Although our asymptotic limit more closely approximates the real behavior of Algorithm 1 than the fixed-ratio continuum limit, the latter remains valid in the high resolution limit \(h \rightarrow 0\). This is illustrated in Fig. 24 where we repeatedly solve the same inpainting problem with \(D = [0,1) \times (0,0.5]\) but at increasing high resolutions. By examining sections of constant y for differing values of h, we see explicitly the convergence of the discrete solution \(u_h\) to the fixed-ratio continuum limit u.

Remark 15

Since \(u_h\) converges to u obeying the transport PDE (30), Algorithm 1 may be viewed as a numerical method for solving (30). It is well known (see for example [28]) that numerical methods for transport equations tend to introduce blur, and therefore we should not be surprised that this is also the case of Algorithm 1. One way of studying this blur is the technique of modified equations  [28, p. 117]. However, this is not the approach we have adopted in this paper.

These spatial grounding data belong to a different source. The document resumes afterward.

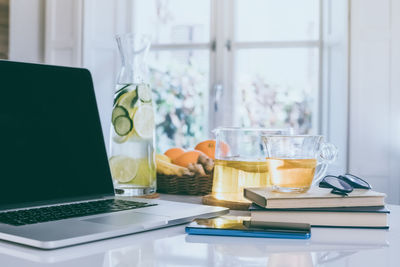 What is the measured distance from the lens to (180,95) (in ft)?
12.3

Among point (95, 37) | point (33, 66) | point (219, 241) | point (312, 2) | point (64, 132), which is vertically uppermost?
point (312, 2)

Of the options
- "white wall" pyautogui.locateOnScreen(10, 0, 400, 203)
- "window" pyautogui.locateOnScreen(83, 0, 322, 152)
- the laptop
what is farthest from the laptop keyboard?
"window" pyautogui.locateOnScreen(83, 0, 322, 152)

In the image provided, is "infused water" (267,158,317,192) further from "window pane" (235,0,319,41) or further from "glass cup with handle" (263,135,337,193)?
"window pane" (235,0,319,41)

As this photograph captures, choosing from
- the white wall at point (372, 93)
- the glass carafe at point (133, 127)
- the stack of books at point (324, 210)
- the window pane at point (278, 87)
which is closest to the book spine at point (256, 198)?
the stack of books at point (324, 210)

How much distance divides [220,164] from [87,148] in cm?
25

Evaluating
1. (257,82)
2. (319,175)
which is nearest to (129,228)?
(319,175)

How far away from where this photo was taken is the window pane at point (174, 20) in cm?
370

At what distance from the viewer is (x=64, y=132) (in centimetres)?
91

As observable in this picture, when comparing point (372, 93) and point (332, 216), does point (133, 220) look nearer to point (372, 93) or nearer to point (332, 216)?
point (332, 216)

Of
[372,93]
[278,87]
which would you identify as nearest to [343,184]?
[372,93]

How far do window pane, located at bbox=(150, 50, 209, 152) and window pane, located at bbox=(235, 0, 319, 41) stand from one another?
357mm

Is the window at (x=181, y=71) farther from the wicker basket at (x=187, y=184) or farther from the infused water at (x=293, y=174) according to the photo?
the infused water at (x=293, y=174)

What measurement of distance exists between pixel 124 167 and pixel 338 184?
43cm

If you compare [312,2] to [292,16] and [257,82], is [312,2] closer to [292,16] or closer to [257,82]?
[292,16] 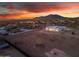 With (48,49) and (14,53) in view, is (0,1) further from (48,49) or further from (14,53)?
(48,49)

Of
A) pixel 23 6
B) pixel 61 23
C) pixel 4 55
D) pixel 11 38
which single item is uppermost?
pixel 23 6

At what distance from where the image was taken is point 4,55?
1455mm

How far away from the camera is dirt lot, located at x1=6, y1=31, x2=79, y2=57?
4.74ft

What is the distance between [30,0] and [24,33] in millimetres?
320

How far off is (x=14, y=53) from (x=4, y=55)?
9 centimetres

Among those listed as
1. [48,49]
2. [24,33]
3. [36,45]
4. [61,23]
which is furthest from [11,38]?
[61,23]

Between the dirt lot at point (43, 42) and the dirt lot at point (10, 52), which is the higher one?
the dirt lot at point (43, 42)

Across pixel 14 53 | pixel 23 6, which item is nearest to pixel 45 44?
pixel 14 53

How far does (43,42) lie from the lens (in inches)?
57.9

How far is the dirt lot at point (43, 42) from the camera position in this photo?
1.45 metres

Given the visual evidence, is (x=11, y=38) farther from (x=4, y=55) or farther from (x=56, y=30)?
(x=56, y=30)

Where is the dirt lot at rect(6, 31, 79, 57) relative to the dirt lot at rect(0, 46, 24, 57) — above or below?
above

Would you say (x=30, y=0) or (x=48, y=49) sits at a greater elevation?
(x=30, y=0)

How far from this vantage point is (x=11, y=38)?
58.3 inches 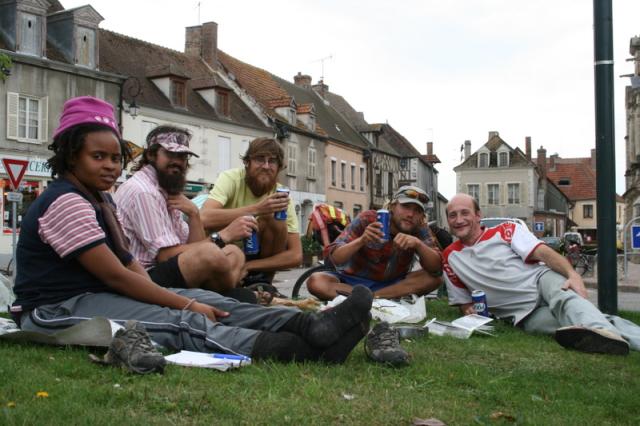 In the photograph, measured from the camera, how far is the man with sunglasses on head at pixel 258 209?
252 inches

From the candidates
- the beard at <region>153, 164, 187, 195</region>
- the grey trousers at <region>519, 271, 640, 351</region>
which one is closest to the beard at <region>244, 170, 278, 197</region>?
the beard at <region>153, 164, 187, 195</region>

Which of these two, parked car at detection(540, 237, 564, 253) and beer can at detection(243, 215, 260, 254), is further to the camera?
parked car at detection(540, 237, 564, 253)

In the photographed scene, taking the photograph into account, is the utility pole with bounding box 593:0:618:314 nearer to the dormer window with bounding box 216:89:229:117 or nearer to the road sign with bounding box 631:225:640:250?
the road sign with bounding box 631:225:640:250

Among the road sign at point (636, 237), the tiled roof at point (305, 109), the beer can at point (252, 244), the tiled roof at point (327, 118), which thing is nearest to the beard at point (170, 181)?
the beer can at point (252, 244)

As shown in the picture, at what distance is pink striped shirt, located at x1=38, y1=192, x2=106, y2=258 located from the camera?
3947mm

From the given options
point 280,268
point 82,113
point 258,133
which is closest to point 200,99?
point 258,133

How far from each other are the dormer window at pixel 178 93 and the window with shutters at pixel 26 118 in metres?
6.82

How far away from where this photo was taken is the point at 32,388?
3186 millimetres

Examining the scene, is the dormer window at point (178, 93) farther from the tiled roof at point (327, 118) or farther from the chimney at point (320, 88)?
the chimney at point (320, 88)

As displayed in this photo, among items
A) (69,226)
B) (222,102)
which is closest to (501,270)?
(69,226)

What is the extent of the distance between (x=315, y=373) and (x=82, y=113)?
190 centimetres

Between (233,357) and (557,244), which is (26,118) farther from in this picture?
(233,357)

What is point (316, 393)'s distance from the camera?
3.27 meters

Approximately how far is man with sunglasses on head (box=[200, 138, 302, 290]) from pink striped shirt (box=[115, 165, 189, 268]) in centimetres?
114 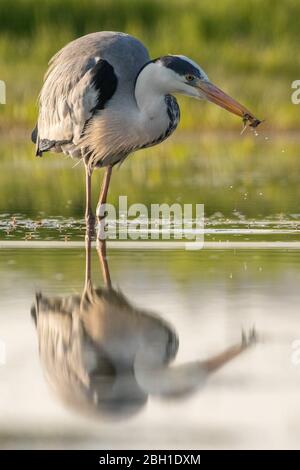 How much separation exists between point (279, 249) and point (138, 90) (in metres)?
1.67

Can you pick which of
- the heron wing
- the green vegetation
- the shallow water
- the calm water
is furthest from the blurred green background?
the shallow water

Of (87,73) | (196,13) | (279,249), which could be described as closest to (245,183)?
(87,73)

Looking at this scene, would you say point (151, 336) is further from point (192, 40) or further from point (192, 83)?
point (192, 40)

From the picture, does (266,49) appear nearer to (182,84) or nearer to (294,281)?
(182,84)

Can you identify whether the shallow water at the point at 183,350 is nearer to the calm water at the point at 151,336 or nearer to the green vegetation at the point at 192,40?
the calm water at the point at 151,336

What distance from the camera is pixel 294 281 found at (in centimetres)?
768

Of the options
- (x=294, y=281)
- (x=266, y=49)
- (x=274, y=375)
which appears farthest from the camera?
(x=266, y=49)

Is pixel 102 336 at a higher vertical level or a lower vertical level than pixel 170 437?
higher

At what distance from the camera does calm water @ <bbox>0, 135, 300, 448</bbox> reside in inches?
185

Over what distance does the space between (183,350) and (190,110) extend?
1641 centimetres

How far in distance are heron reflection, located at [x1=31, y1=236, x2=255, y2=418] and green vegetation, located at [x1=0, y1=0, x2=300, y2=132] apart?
49.7 ft

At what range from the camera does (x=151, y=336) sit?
607cm

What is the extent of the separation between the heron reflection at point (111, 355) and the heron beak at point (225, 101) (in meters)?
2.47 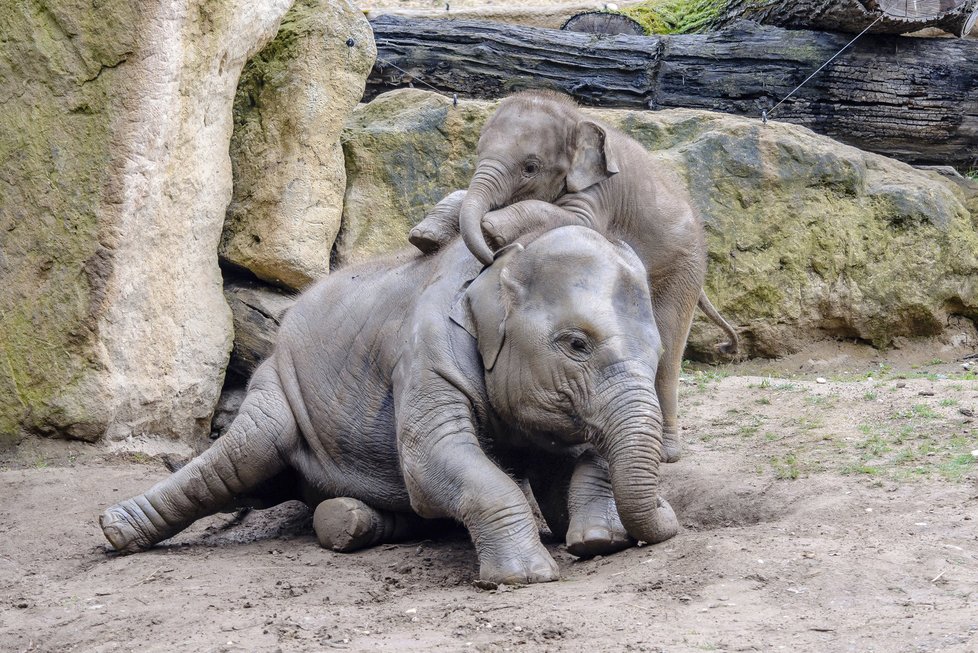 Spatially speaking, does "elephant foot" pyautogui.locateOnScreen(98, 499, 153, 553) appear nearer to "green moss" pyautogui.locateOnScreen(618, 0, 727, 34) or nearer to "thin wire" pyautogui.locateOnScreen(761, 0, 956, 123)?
"thin wire" pyautogui.locateOnScreen(761, 0, 956, 123)

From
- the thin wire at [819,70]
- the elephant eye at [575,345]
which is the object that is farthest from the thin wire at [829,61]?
the elephant eye at [575,345]

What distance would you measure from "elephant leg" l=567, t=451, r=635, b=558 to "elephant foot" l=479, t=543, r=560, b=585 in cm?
32

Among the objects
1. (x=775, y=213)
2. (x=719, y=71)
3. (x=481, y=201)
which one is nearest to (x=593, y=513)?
(x=481, y=201)

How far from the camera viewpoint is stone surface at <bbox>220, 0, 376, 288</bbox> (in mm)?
10594

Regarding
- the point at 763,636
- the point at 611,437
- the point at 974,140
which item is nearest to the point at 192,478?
the point at 611,437

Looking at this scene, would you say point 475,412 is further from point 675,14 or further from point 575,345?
point 675,14

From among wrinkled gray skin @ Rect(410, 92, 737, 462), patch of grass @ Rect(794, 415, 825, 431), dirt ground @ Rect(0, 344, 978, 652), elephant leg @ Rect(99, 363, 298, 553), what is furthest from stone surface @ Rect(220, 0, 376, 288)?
patch of grass @ Rect(794, 415, 825, 431)

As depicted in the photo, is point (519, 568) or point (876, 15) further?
point (876, 15)

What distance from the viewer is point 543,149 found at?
26.4 feet

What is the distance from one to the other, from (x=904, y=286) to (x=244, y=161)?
6545mm

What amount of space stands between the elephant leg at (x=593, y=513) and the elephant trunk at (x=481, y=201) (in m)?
1.17

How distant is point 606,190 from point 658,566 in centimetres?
341

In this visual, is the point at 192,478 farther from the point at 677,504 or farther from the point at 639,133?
the point at 639,133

Angular dependence of blur artifacts Here we briefly explore how the variance \(\sigma (y,h)^2\) depends on \(\mathbf{g}=(\cos \theta ,\sin \theta )\) as \(\theta \) changes. Since \(\sigma (y,h)^2=\frac{\gamma ^2yh}{|\mu _y^3|}\) can be quite complex in general we explore this numerically. Figure 23 illustrates the angular dependence of \(\sigma (y,h)\) as a function of \(\theta \in [0,\pi ]\) with \(y=1\) and \(h=0.01\) fixed, for the three main methods of interest—coherence transport, Guidefill, and semi-implicit Guidefill (note the log scale). In every case we have \(r=3\) and \(\mu = 100\).

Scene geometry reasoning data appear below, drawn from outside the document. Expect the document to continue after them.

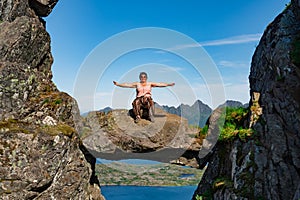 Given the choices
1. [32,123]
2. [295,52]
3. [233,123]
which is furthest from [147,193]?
[295,52]

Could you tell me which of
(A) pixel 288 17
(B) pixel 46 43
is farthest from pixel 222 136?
(B) pixel 46 43

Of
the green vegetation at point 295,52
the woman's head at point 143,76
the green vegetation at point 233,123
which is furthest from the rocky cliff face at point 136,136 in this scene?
the green vegetation at point 295,52

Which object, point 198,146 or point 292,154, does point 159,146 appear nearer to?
point 198,146

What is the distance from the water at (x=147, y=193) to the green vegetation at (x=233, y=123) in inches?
1169

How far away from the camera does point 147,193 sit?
1823 inches

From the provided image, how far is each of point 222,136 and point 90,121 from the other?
6165mm

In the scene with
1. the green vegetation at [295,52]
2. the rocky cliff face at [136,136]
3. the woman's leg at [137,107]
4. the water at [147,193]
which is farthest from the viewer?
the water at [147,193]

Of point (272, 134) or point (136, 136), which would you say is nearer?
point (272, 134)

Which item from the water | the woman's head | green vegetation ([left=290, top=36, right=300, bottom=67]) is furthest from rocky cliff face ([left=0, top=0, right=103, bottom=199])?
the water

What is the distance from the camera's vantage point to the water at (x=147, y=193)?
41.4 meters

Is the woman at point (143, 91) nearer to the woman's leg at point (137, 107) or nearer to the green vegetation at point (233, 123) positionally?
the woman's leg at point (137, 107)

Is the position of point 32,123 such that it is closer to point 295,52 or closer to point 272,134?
point 272,134

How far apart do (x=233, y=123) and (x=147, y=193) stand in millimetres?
37994

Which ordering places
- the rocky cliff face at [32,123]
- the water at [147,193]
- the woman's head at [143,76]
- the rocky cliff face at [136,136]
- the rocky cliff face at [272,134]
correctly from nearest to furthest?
1. the rocky cliff face at [272,134]
2. the rocky cliff face at [32,123]
3. the woman's head at [143,76]
4. the rocky cliff face at [136,136]
5. the water at [147,193] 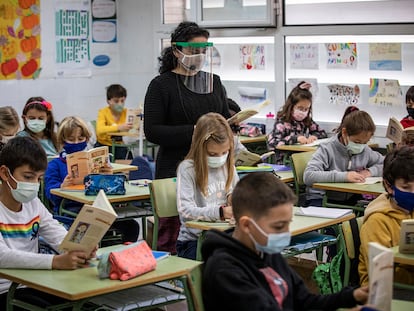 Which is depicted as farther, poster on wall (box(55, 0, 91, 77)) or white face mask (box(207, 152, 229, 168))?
poster on wall (box(55, 0, 91, 77))

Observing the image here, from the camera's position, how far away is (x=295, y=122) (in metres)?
7.79

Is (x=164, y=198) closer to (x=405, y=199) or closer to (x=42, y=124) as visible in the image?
(x=405, y=199)

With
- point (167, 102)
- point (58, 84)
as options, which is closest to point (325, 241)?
point (167, 102)

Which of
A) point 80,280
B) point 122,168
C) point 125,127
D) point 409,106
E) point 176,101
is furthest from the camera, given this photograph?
point 125,127

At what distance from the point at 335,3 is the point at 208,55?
3109mm

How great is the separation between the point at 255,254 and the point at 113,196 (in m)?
2.76

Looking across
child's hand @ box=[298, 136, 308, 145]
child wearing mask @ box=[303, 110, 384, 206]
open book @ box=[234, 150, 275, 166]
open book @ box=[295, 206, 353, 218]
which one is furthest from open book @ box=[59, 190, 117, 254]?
child's hand @ box=[298, 136, 308, 145]

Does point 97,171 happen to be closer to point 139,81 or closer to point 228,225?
point 228,225

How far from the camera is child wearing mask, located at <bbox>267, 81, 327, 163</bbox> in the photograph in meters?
Result: 7.71

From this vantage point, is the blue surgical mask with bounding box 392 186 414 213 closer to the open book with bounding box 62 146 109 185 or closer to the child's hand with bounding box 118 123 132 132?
the open book with bounding box 62 146 109 185

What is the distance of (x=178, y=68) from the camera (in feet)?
17.1

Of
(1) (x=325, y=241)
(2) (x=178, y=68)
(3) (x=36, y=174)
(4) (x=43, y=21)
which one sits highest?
(4) (x=43, y=21)

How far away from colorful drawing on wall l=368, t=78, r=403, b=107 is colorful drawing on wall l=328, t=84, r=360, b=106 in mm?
174

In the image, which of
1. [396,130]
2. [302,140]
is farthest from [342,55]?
[396,130] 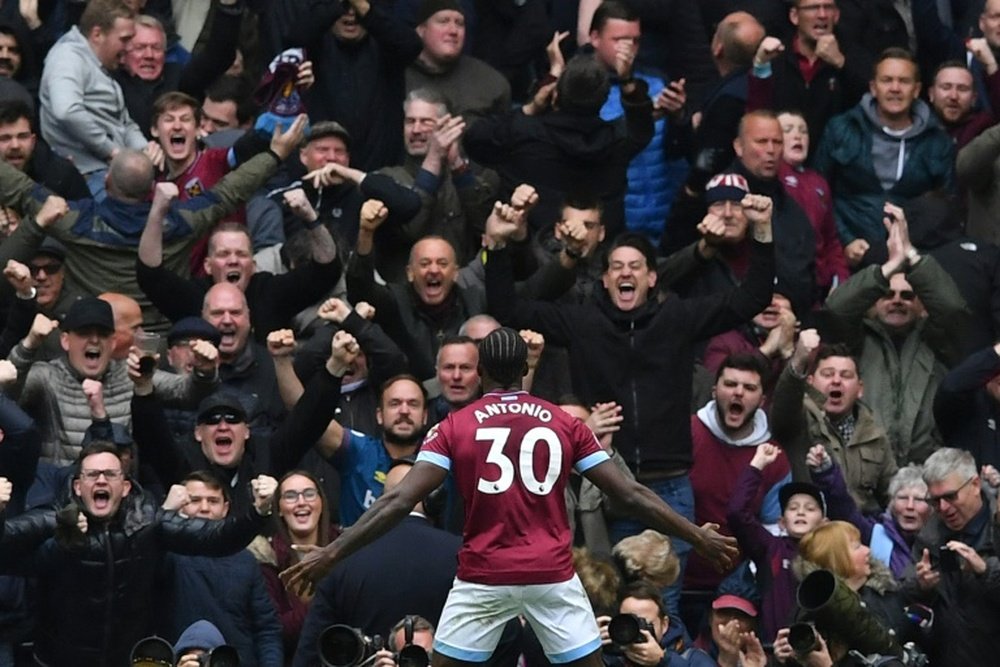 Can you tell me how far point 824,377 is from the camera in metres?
15.9

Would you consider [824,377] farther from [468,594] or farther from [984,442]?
[468,594]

Note that for semi-implicit Guidefill, since \(\mu _y \rightarrow 0\) as \(\theta \rightarrow 0\), we expect blur artifacts to become arbitrarily bad as \(\theta \rightarrow 0\), unless we also have \(\gamma ^2 \rightarrow 0\) as \(\theta \rightarrow 0\) in such a way that the ratio remains bounded. In fact,

$$\begin{aligned} \gamma ^2 = {\text {Var}}(\mu _x V_1 - \mu _y U_1)={\text {Var}}[(\mu _x,\mu _y) \cdot (U_1,V_1)]. \end{aligned}$$

is the variance of the increments \(\mathbf{Z_1}=(U_1,V_1)\) orthogal to the mean \((\mu _x,\mu _y)\), which does go to zero as \(\theta \rightarrow 0\). However, as Fig. 23 illustrates, it does not do so fast enough to compensate for the blow up of \(1/|\mu _y|^3\). Indeed, numerical experiments (omitted for brevity) demonstrate that the blur artifacts for semi-implicit Guidefill do become arbitrarily bad as \(\theta \rightarrow 0\) (Fig. 24).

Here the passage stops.